- TASK TO COMPLETE: Return the lines of the listing below exactly as they appear, beginning at the one with "4 Bedroom House in Waterfall Estate" and stopping after the one with "Wild Strawberries Strawberry"; do not include pictures.

- DATA TO EXAMINE:
§ §

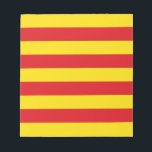Bloc-notes avec Drapeau de Catalogne<br><div class="desc">Montrez votre fierté en Catalogne avec ce bloc-notes patriotique avec le drapeau de la Catalogne ! Avec ses rayures rouges et jaunes audacieuses, ce bloc-notes capture l'identité indéniable du peuple catalan. Que vous soyez en train de noter des rappels, d'esquisser des idées ou de laisser une note chaleureuse, ce pavé...</div>
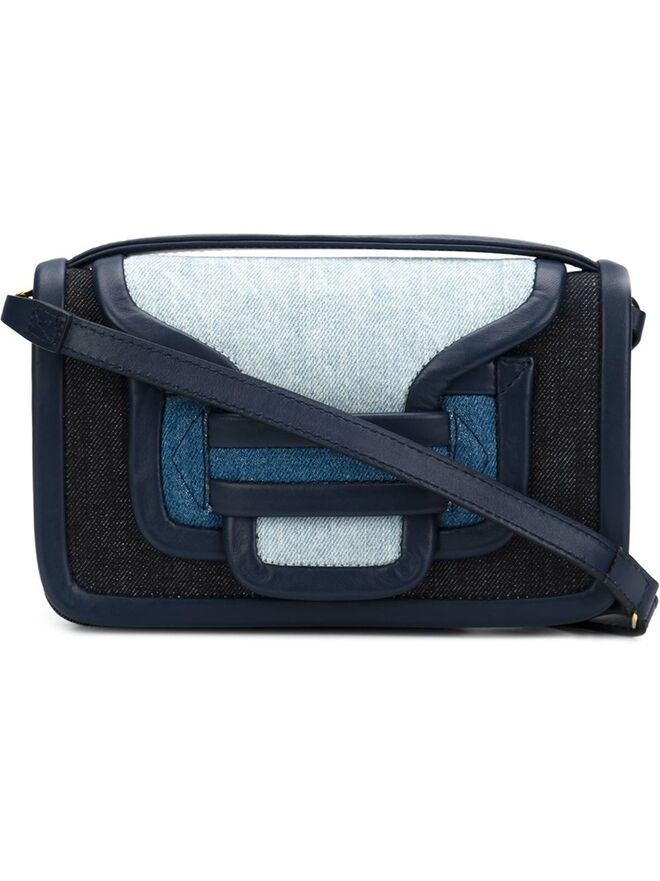 BLUE JEANS | Carteira em ganga e pele, €650, Pierre Hardy, em www.farftech.com 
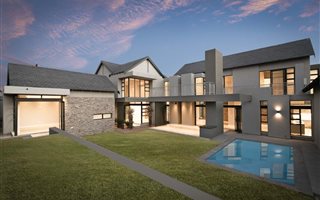 4 Bedroom House in Waterfall Estate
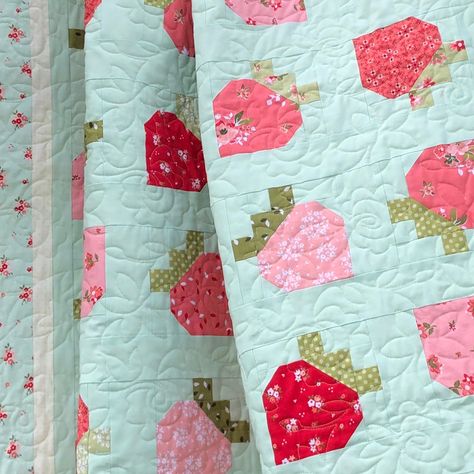 Wild Strawberries Strawberry Quilts, Strawberry Quilt Block, Strawberry Quilt, Strawberry Social, Meadow Cottage, Knit Tutorials, Pretty Quilts, Pink Prints, Border Fabric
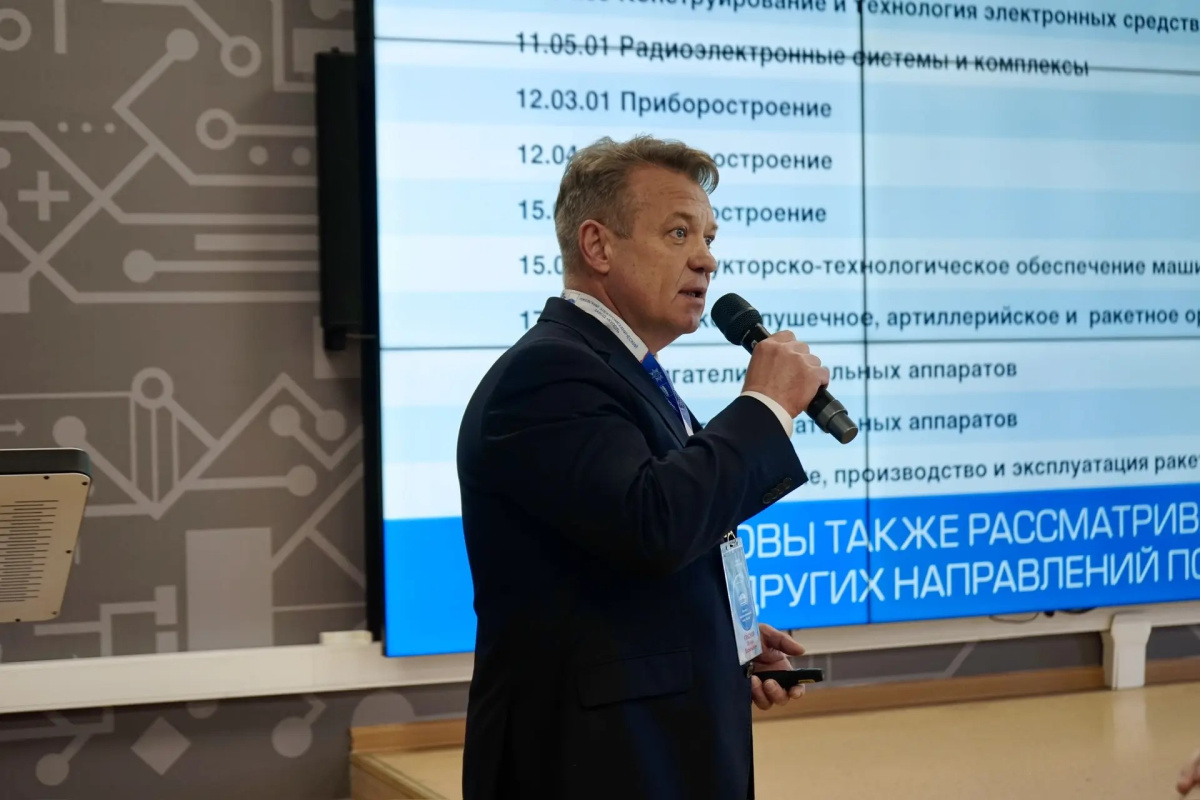 В СТАНКИНе прошло карьерное мероприятие «Удмуртия заряжает»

§ §

- SOLUTION TO THIS EXERCISE:
 4 Bedroom House in Waterfall Estate
 Wild Strawberries Strawberry Quilts, Strawberry Quilt Block, Strawberry Quilt, Strawberry Social, Meadow Cottage, Knit Tutorials, Pretty Quilts, Pink Prints, Border Fabric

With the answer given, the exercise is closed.